Noir at the Bar V: Beyond Genre Borders
Jonathan Maberry has won awards for horror writing (though he said at last night's fifth Noir at the Bar reading that books with the horror label sell poorly in the United States – "We call them `supernatural thrillers.'"). Whatever the label, no crime-fiction reader ought to be scared off. For one thing, Maberry says he's loved crime writing from a young age, and he hangs out with crime writers in Philadelphia's Liars Club. For another, his new novel, Patient Zero, is not horror, but a bio-terrorism thriller. For a third, based on the selections Maberry read last night, the book will contain much to delight crime readers.
Maberry's protagonist, Joe Ledger, a former soldier and a Baltimore police officer, can crack as wise as the best fictional PIs, even when enlisted by a secretive government agency to help battle a grave security threat. Indeed, Maberry said after the reading that John D. MacDonald's Travis McGee was one of his models, both as a wisecracker and as a protagonist with intellectual interests.

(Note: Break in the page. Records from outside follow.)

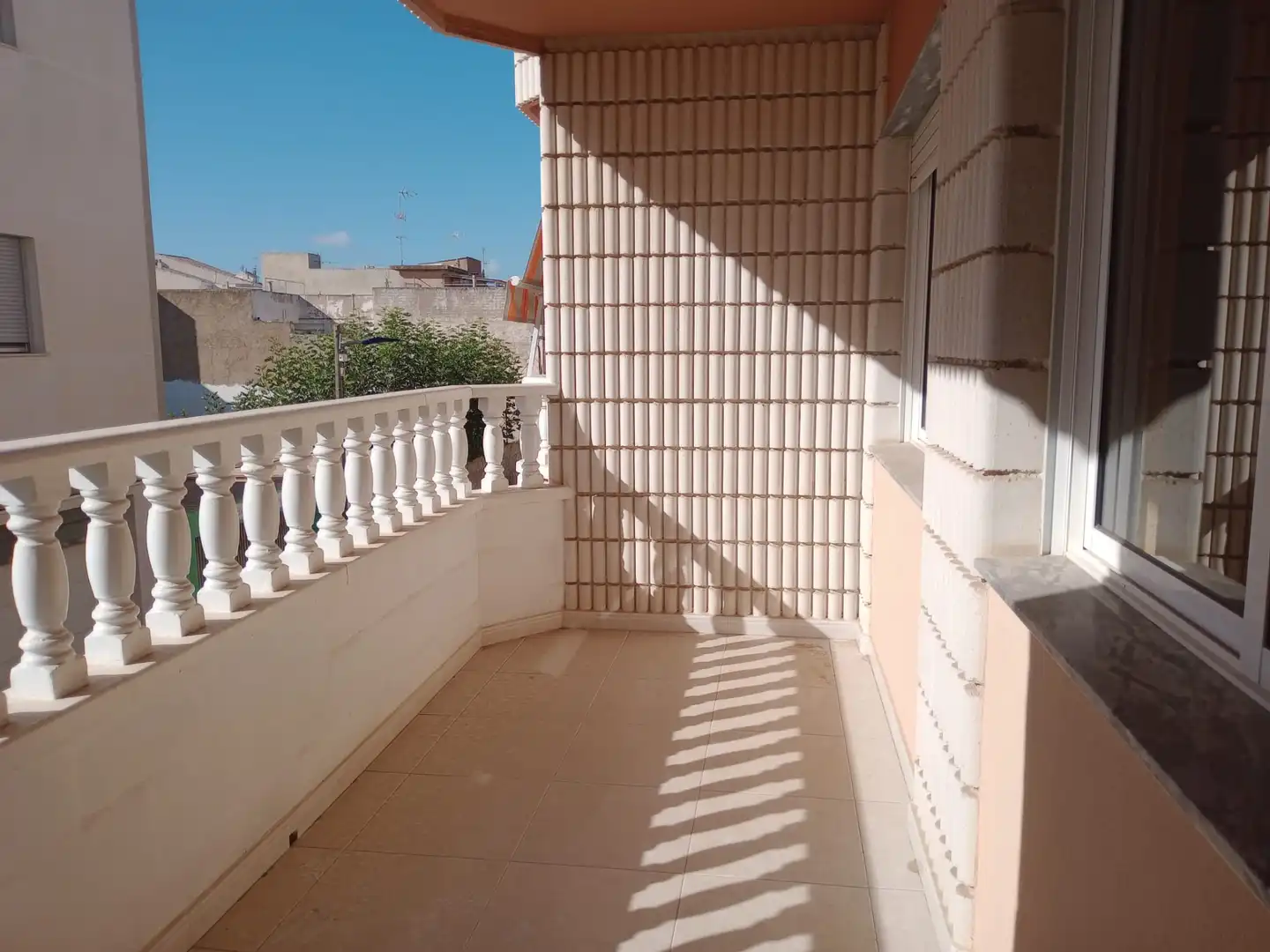 Flat with terrace for sale in Calle Belén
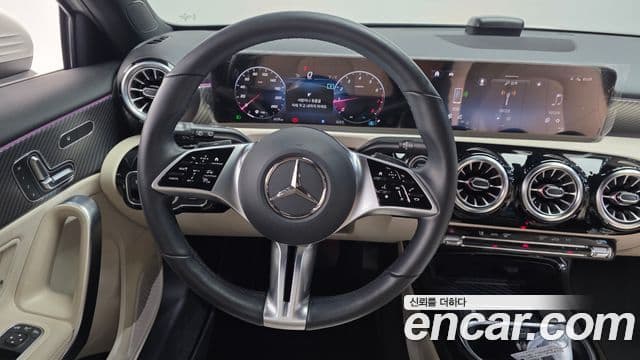 Mercedes-Benz A-Class 2024 — Фото 13/20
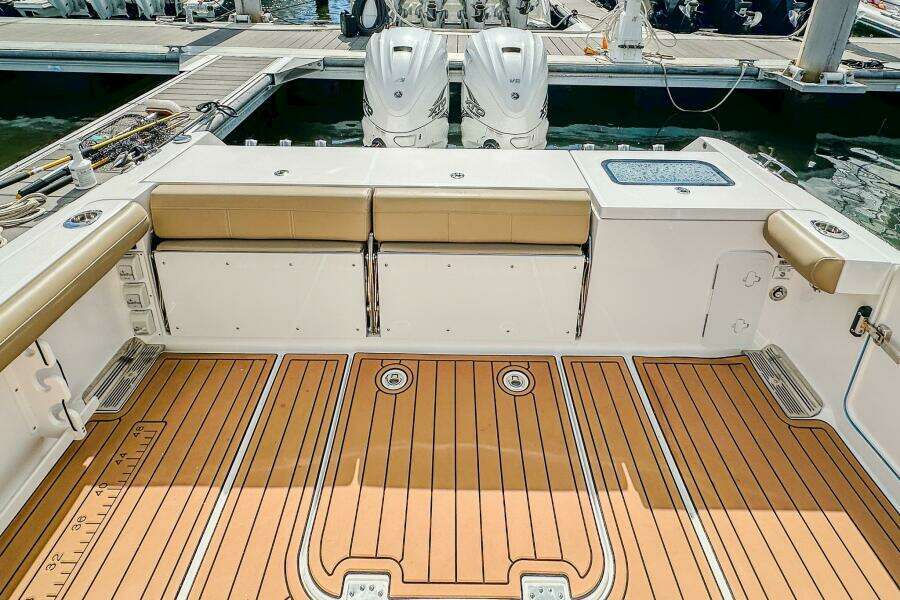 Gigi 33ft Everglades Yacht For Sale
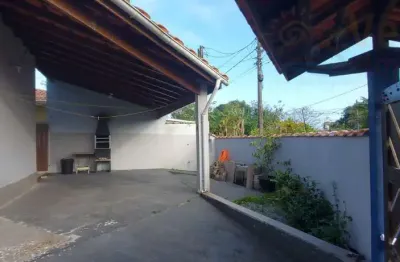 Imperdível casa à venda em itanhaém-sp, bairro tupy: 2 quartos, 1 suíte, 1 banheiro, 2 vagas de garagem - 120,00 m²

Maberry says the novel will also invoke terrorism and feature international and corporate villains in addition to its threat to all life. Much of this is new territory for a hero who talks like a Travis McGee or a Philip Marlowe or an Elvis Cole. And I'm going to explore that territory because the genre-mixing sounds like fun.
Maberry says: "I wrote the book that I would like to read," a deceptively simple thought and a liberating sentiment. Think of the book as a mat laid at the doorstep of thrillerdom with the friendly words: "Welcome, crime readers."
Patient Zero will be published by St. Martin's Press in March.